- **Extracted records**
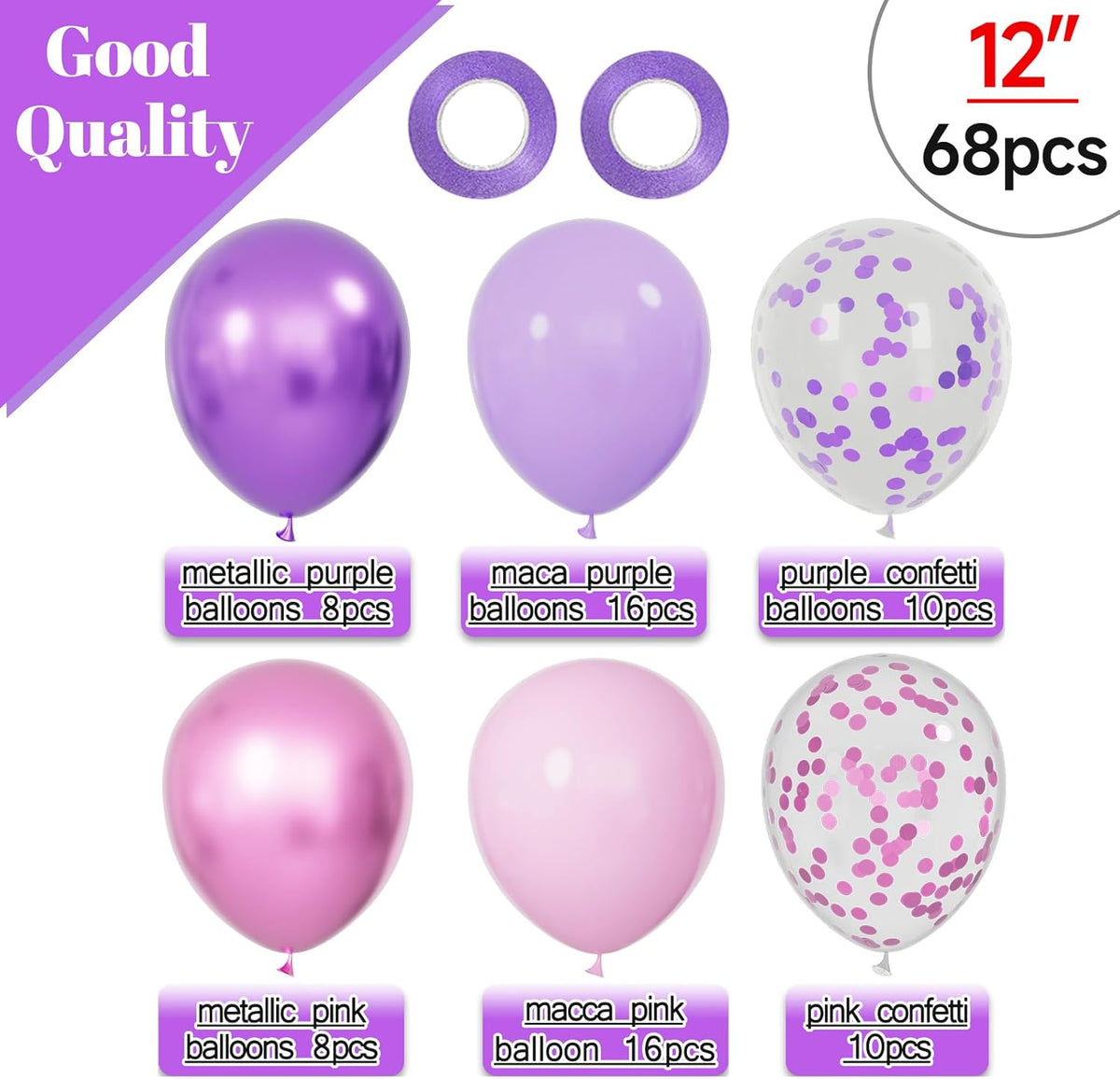 68Pcs Pink and Purple Balloons 12 Inch Metallic Purple Pink Latex Balloon Confetti ballons with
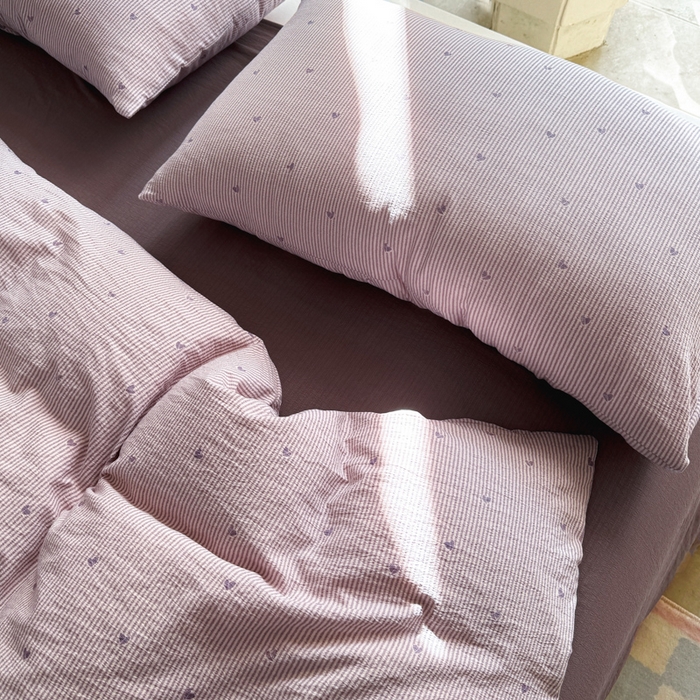 91家纺网 家纺一手货源 找家纺 韩巢家纺 2025热销新款云感双层纱单件被套-（提供卖家秀） 紫倾心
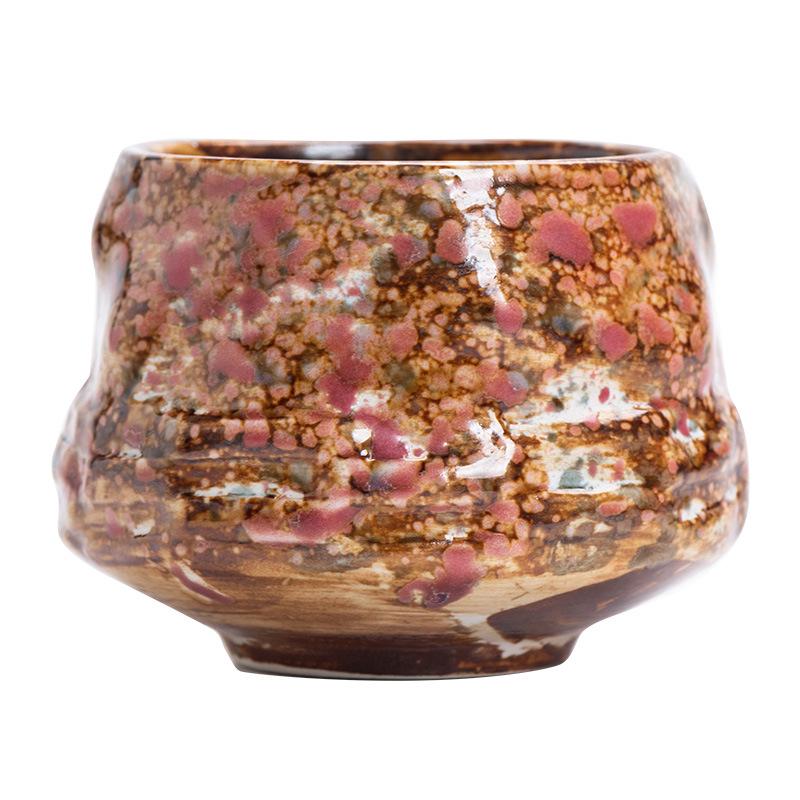 Retro Ceramic Kiln-Change Mug: Pleated Coarse Pottery Coffee Cup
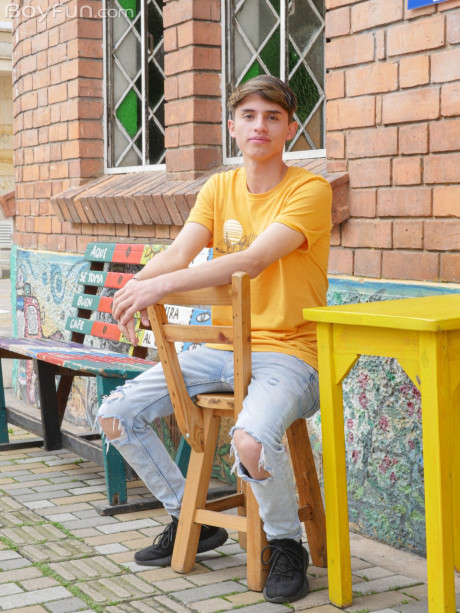 Fresh teenie boys have sex after catching sight of each other on a public sidewalk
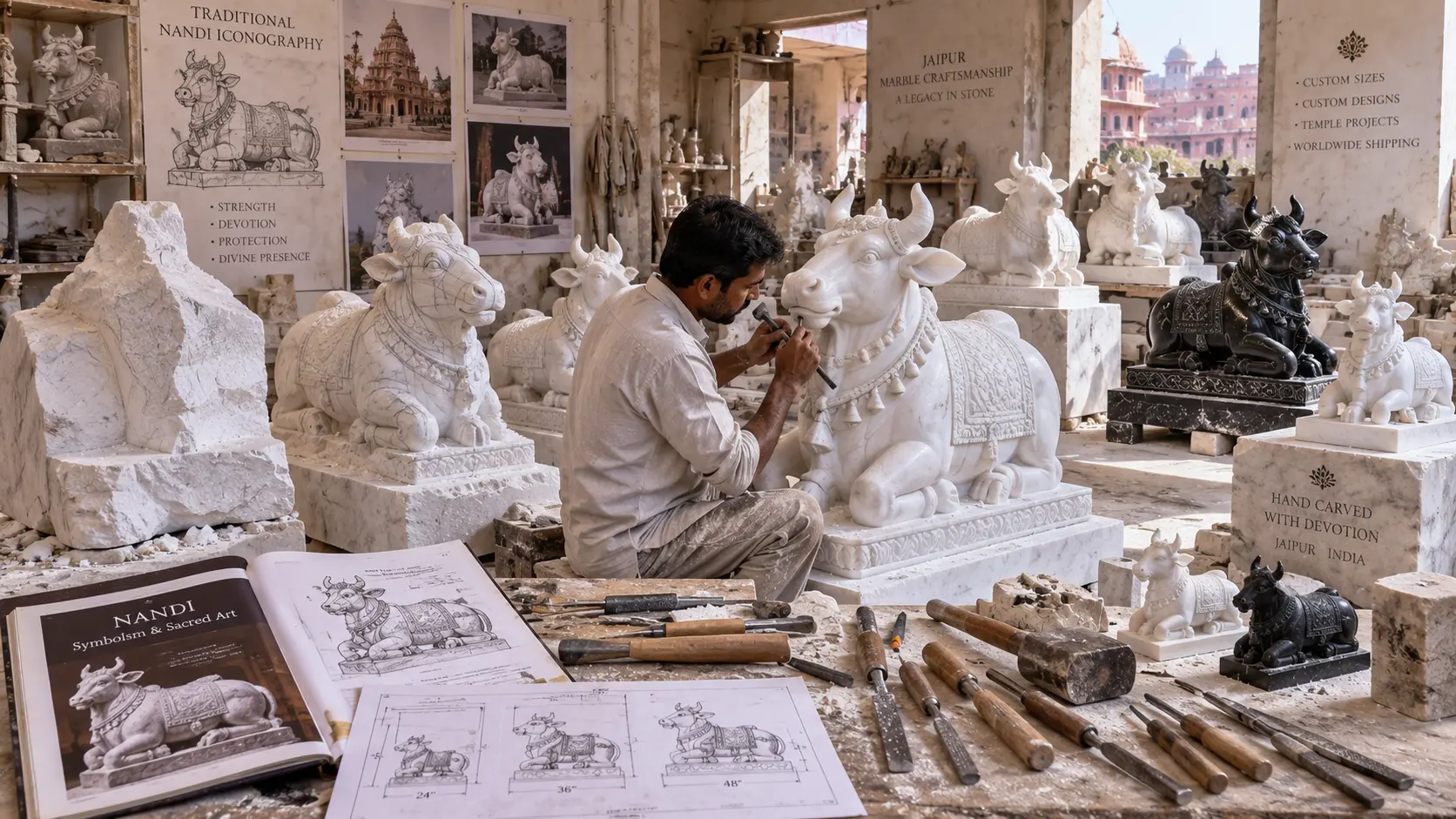 Marble Nandi Statues Sacred Bull Symbolism and Placement for American Temples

- **Action item**
The output is the data above, repeated exactly, with pictures omitted.

- **Solution for this problem**
 68Pcs Pink and Purple Balloons 12 Inch Metallic Purple Pink Latex Balloon Confetti ballons with
 91家纺网 家纺一手货源 找家纺 韩巢家纺 2025热销新款云感双层纱单件被套-（提供卖家秀） 紫倾心
 Retro Ceramic Kiln-Change Mug: Pleated Coarse Pottery Coffee Cup
 Fresh teenie boys have sex after catching sight of each other on a public sidewalk
 Marble Nandi Statues Sacred Bull Symbolism and Placement for American Temples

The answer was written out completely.